● **Work instructions**
An exact copy, beginning at the line containing "Polo Ralph Lauren" and ending at the final line of the records that follow, is the answer; it has no pictures and no other text.
Listed entries START
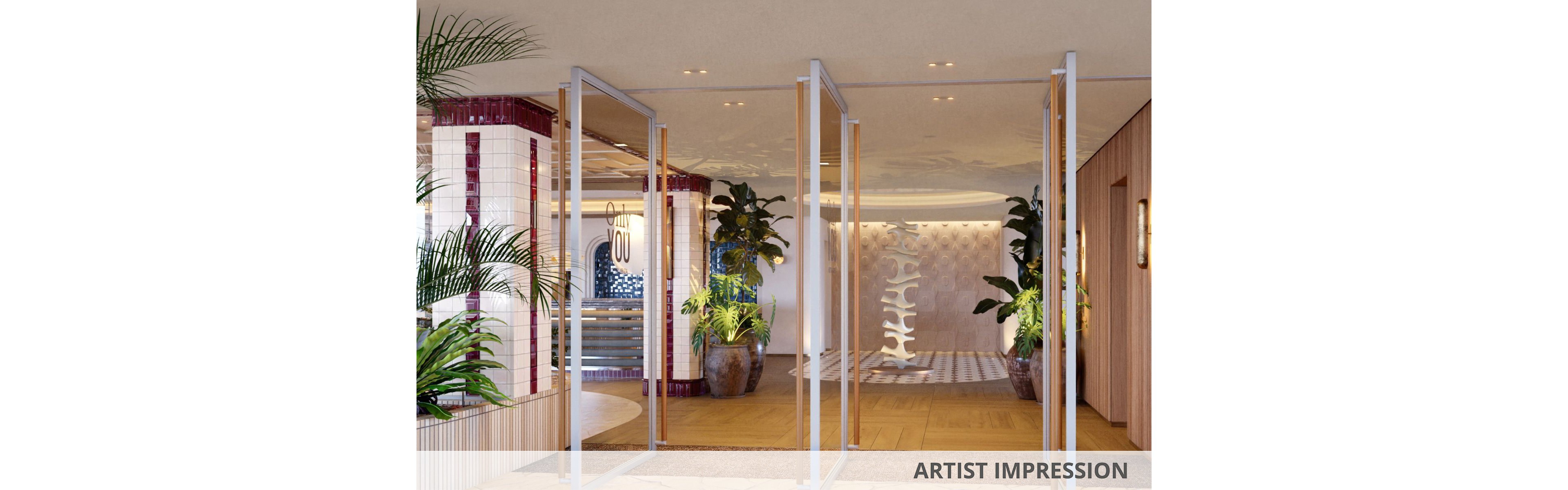 Artist impression of a contemporary lobby entrance featuring open framed doorways and a warm, neutral color palette. The space includes large potted plants, tiled columns, and a textured wall with sculptural elements. Soft lighting and wooden flooring create an inviting, upscale atmosphere. The words "ARTIST IMPRESSION" appear at the bottom of the image.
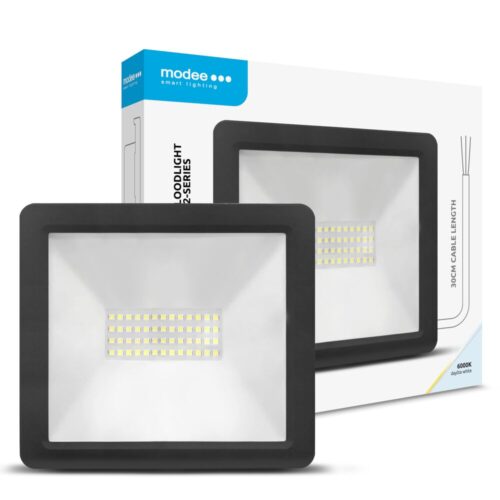 Projetor LED Exterior 50W 6000K 4500lm Preto IP65 - Modee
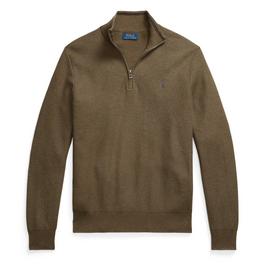 Polo Ralph Lauren Mesh Knit Cotton Quarter Zip Jumper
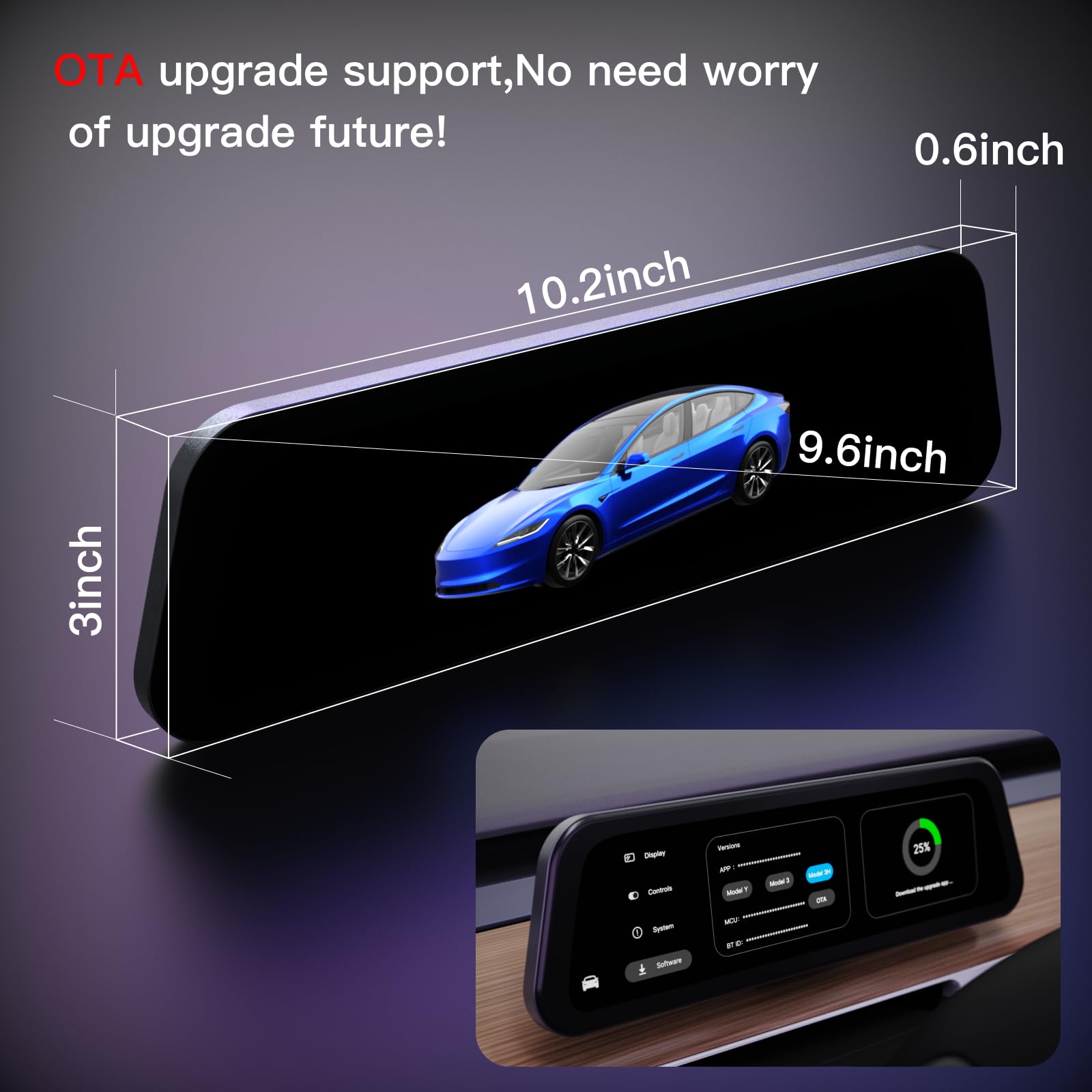 Heads Up Display For Tesla Model Y & Model 3 Highland - 8.9" HD Screen With Wireless CarPlay & Android Auto - View #7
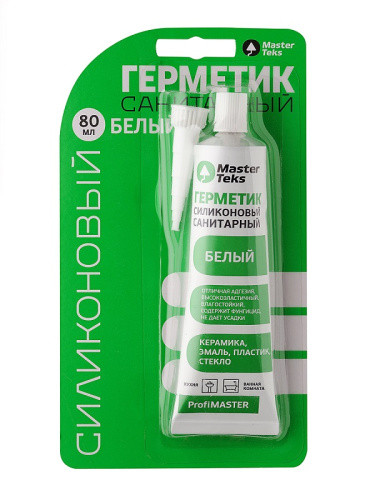 Герметик силиконовый MasterTeks, санитарный, белый, 80 мл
Listed entries END
● **Response to the exercise**
 Polo Ralph Lauren Mesh Knit Cotton Quarter Zip Jumper
 Heads Up Display For Tesla Model Y & Model 3 Highland - 8.9" HD Screen With Wireless CarPlay & Android Auto - View #7
 Герметик силиконовый MasterTeks, санитарный, белый, 80 мл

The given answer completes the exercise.